Game of Thrones. When you started, I thought you were a little bit on the dull side, but definitely a show with potential. After all, you had an amazing cast and a shit ton of money – all the ingredients were there for you to be something truly special. And you know what, unlike most things these days, you lived up to it! In your heyday, you were pretty untouchable. Shocking to the max, with an incredible story that swept you up in its continuous rapes, betrayals and dragons, never once letting you go. I loved the show, I loved the books. I couldn’t get enough of you.

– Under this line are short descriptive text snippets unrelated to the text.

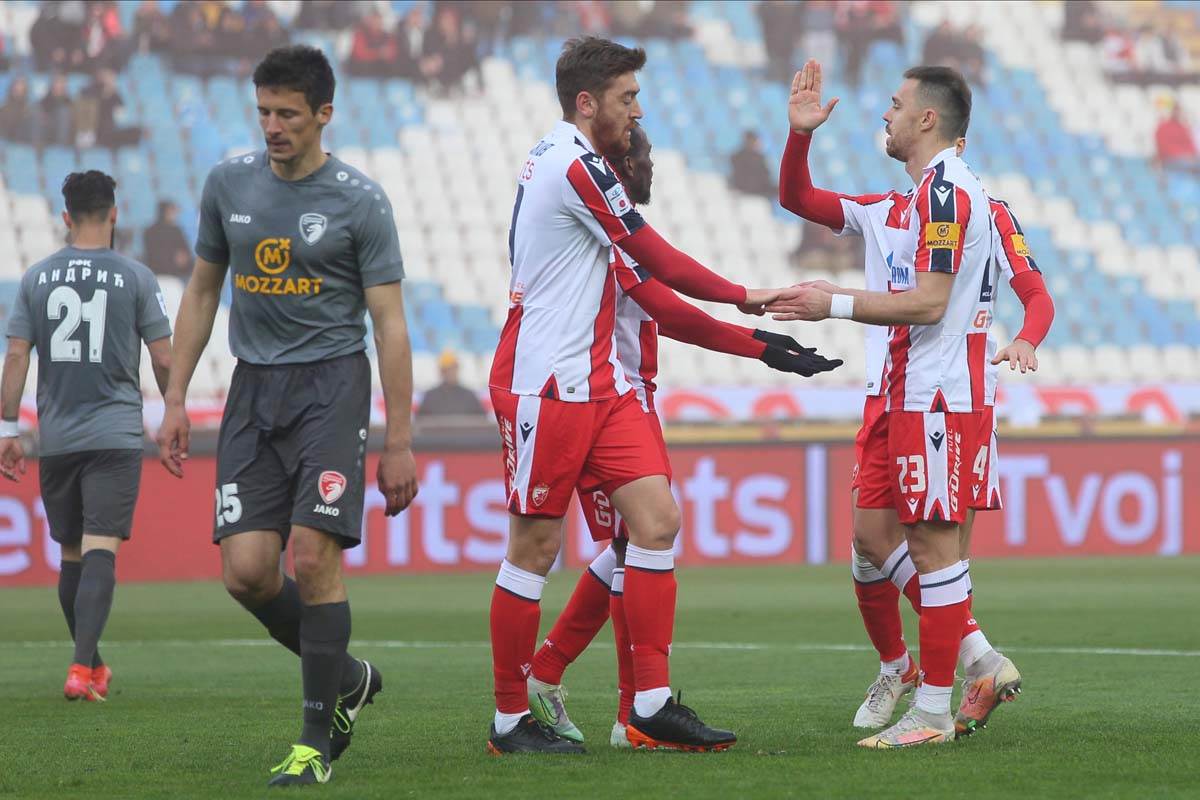 Crvena zvezda, radnički kragujevac, fudbal (3).jpg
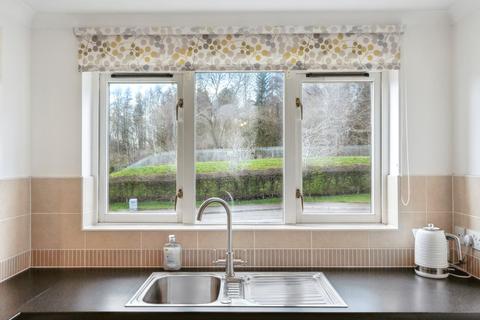 9 Canberra Court Braidpark Drive, Giffnock, Glasgow, G46 6NS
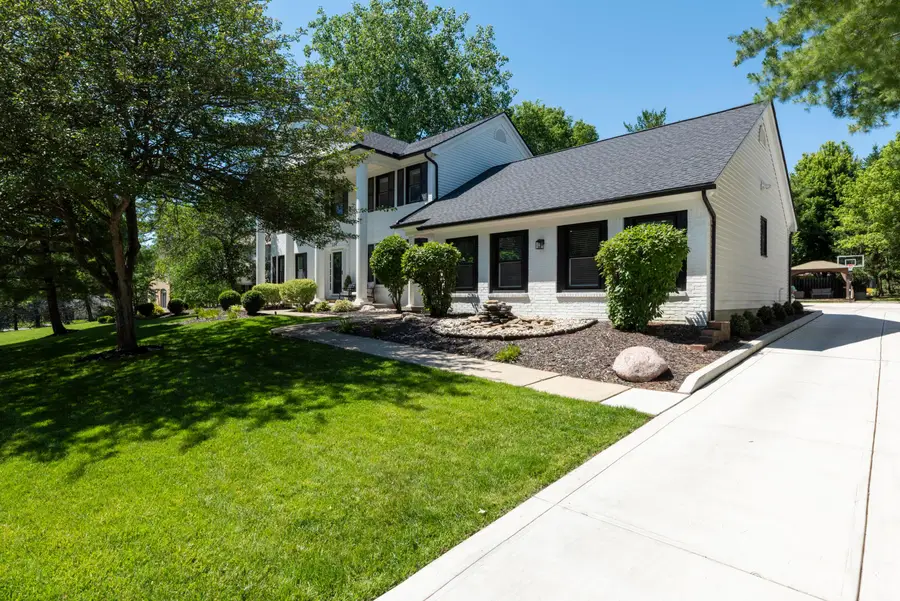 234 W Campus View Boulevard, Columbus, OH 43235 - #3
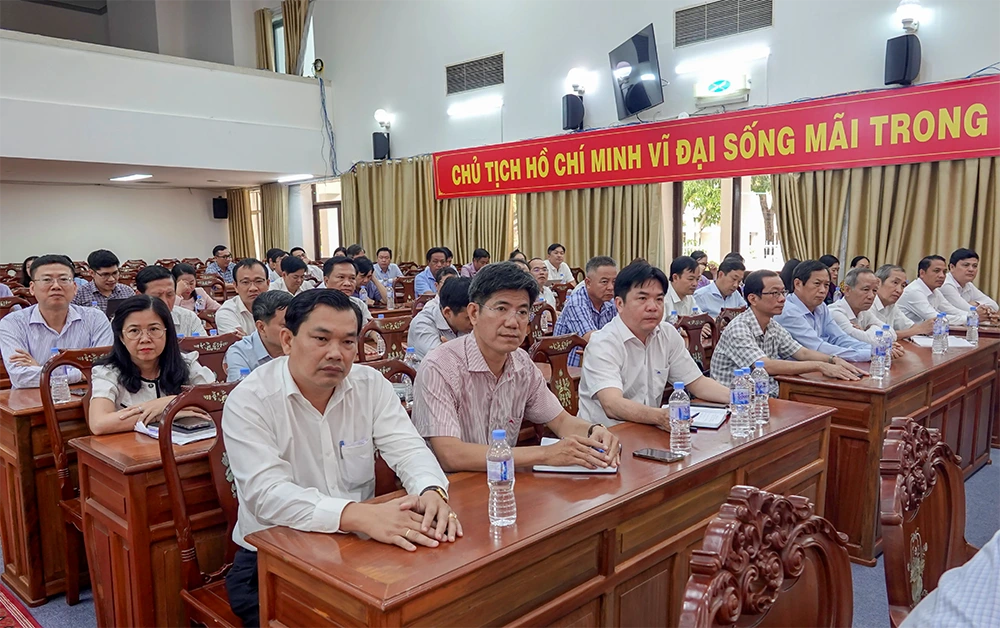 Phân công cán bộ lãnh đạo cơ quan, ban, ngành thành phố hỗ trợ các tổ bầu cử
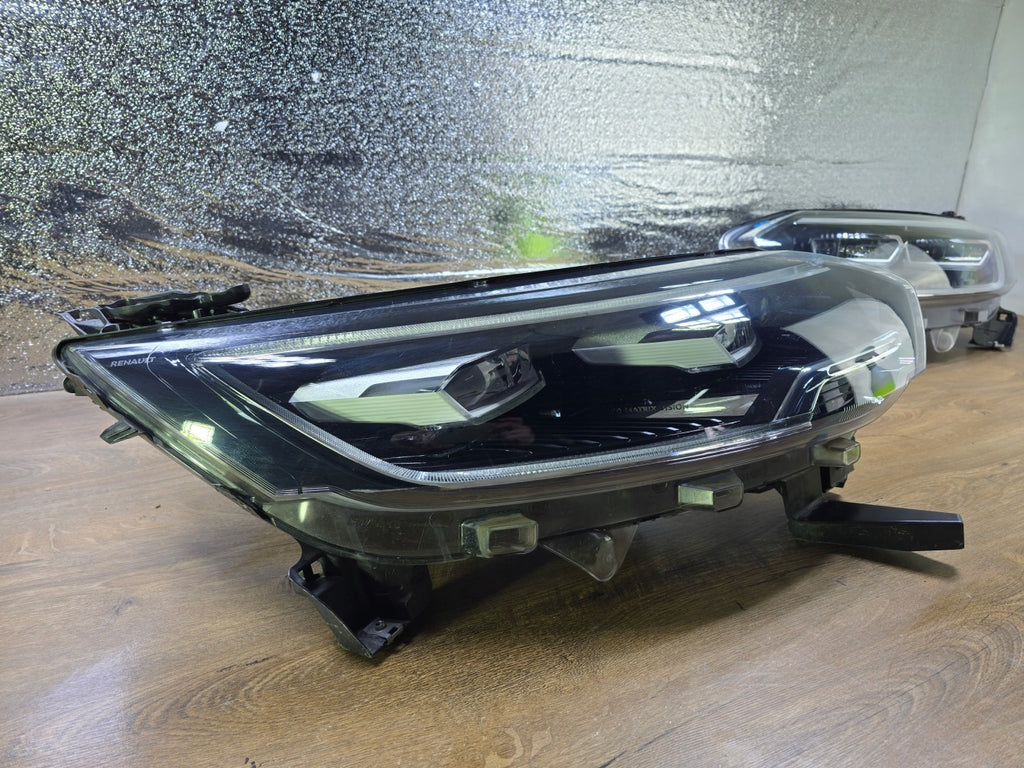 Frontscheinwerfer Renault Espace 260101765R Rechts Scheinwerfer Headlight SCH1739523525ln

But, in recent times, you really do seem to have lost your sparkle. I spent most of season five thinking ‘Huh? What? Why?’ That’s not how I wanted to feel about you! As that lovely nun who delights in torturing condemned women in the sept of Baelor would say, last year just seemed to list shame, after shame, after shame.
Is it going to be any better this year? Well, if Sunday night’s premiere is anything to go off, it’s looking pretty good. In a completely non-geekgasm way, I loved the absolute hell out of it. Even if it seemed to end just as it was getting going. But even at its best, Game of Thrones is never without shame. And these must be laid bare. It is known.
So sit back as we delve into a brand new series of Shame of Thrones. And let the good times roll.
Shame on you (i)
Okay, so there’s a continuous elephant in the room here, left over from season five, that we’ll open this shaming with.
The brutal butchering of the tiny bit of character development that Sansa Stark (Sophie Turner) received last season by having her raped by Ramsay (Iwan Rheon) was, urm, not the most popular plot twist the show has ever done, and this season will have to deal with the aftermath of that. Will Sansa ever recover and become the Dark Sansa season four promised? Will she ever catch a sodding break?
Well, if any of you were hoping for a stronger, revengeful Sansa this year, you’re going to be sadly disappointed by what we saw here. It was Theon (Alfie Allen) who was doing all the work, practically carrying Sansa to safety and willing to give himself back to Ramsay to save her – and I guess we’re just forgetting that last time we saw them both, they had kind of jumped off a 200-foot high wall. Well, at least this was a good episode for Theon. He may have lost his balls, but he was pretty damn brave here.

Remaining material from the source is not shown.